Ken nyaris terhuyung ke belakang ketika Yasuhiro tiba-tiba menyerukan namanya dan bangkit dari tempat tidur dengan gerakan gesit secepat kilat.
"Kau hidup? Kau tidak apa-apa?! Kau—"
"Oi, kami ke sini untuk menjengukmu karena kemarin kau terlihat sangat drop. Jadi, pikirkan saja dirimu sendiri untuk saat ini sebelum memikirkan orang lain," potong Chikara sambil mendorong Yasuhiro agar kembali ke tempat tidurnya.
"Tapi, Chikara, kau juga lihat 'kan kemarin Ken—"
"Yasu, shhh! Aku bosan dengan pertanyan yang sama sejak kemarin. Yang penting kau bisa lihat sekarang kalau aku tidak apa-apa," potong Ken sambil memaksa Yasuhiro untuk duduk di kasurnya. "Dan sekarang masalahnya ada padamu. Bagaimana kondisimu? Sudah lebih baik?"
Yasuhiro mengerjapkan matanya. Kepalanya menunduk, lalu mengangguk.

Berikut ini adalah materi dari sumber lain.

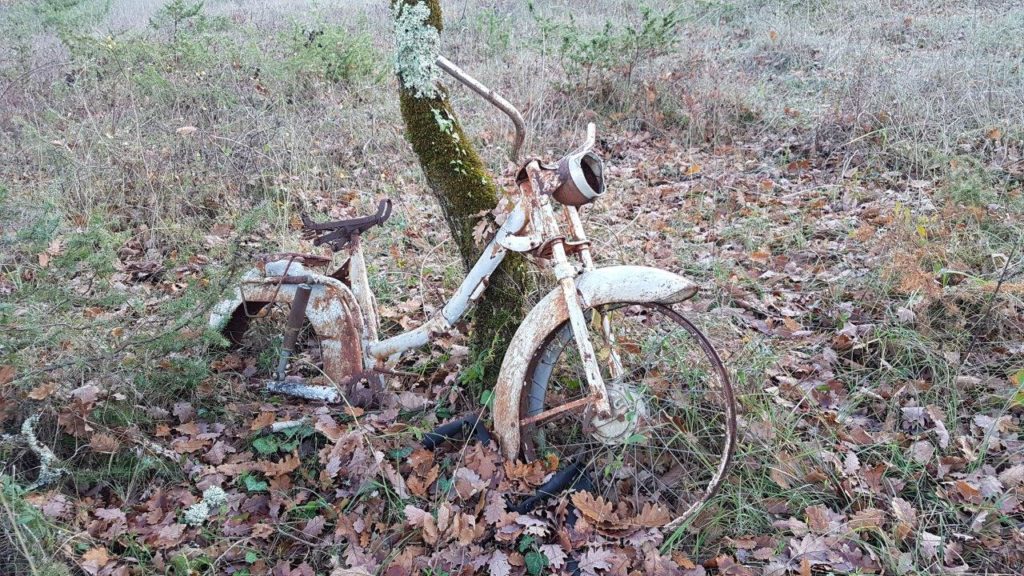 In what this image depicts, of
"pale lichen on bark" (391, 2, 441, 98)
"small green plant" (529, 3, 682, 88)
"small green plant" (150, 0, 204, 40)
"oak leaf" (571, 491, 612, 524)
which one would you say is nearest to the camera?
"oak leaf" (571, 491, 612, 524)

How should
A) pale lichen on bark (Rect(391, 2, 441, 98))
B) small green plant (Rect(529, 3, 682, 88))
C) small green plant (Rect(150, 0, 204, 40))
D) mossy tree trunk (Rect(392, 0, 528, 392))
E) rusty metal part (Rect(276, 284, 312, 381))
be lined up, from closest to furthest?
pale lichen on bark (Rect(391, 2, 441, 98)) < mossy tree trunk (Rect(392, 0, 528, 392)) < rusty metal part (Rect(276, 284, 312, 381)) < small green plant (Rect(529, 3, 682, 88)) < small green plant (Rect(150, 0, 204, 40))

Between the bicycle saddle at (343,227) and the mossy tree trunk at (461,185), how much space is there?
0.94ft

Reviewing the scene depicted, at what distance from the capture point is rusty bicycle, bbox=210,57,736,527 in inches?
95.3

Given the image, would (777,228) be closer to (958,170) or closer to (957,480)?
(958,170)

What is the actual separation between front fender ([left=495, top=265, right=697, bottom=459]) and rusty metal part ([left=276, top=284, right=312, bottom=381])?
1.14 m

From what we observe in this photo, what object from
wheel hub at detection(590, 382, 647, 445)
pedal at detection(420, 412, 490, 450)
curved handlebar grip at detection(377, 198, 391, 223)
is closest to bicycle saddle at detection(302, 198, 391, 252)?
curved handlebar grip at detection(377, 198, 391, 223)

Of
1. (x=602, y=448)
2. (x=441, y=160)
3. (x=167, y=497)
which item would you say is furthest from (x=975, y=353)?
(x=167, y=497)

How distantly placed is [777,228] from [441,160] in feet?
8.61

"Terima kasih, kalian berdua, sudah repot-repot datang ke sini. Aku sudah merasa lebih baik dari kemarin."
Ken dan Chikara menghela napas lega. Di lingkaran pertemanan mereka, Yasuhiro adalah sosok yang paling pengertian dan rela menawarkan apapun dalam rangka membantu teman-temannya. Karena Ken dan Chikara masih memiliki empati dan nilai kemanusiaan, mereka membalas kebaikan Yasuhiro yang sudah-sudah dengan menjenguknya ketika ia sakit.
Kazuhiko … entahlah. Mungkin dalam hitungan satu jam ke depan dia baru akan muncul dan bergabung bersama tiga temannya itu.
"Ken, aku minta maaf."
Ken jelas-jelas terkejut. "Minta maaf untuk apa?"
Yasuhiro menunduk. Ia memain-mainkan kesepuluh jarinya dengan bimbang. "Kau ingat, pagi hari ketika aku meneleponmu kemarin?"
Ken mengangguk.
Yasuhiro terdiam untuk beberapa saat. Kepalanya mendongak perlahan sebelum mulutnya kembali terbuka.
"Waktu itu, aku bermimpi melihatmu terbakar. Persis seperti apa yang terjadi di gelanggang arena kemarin."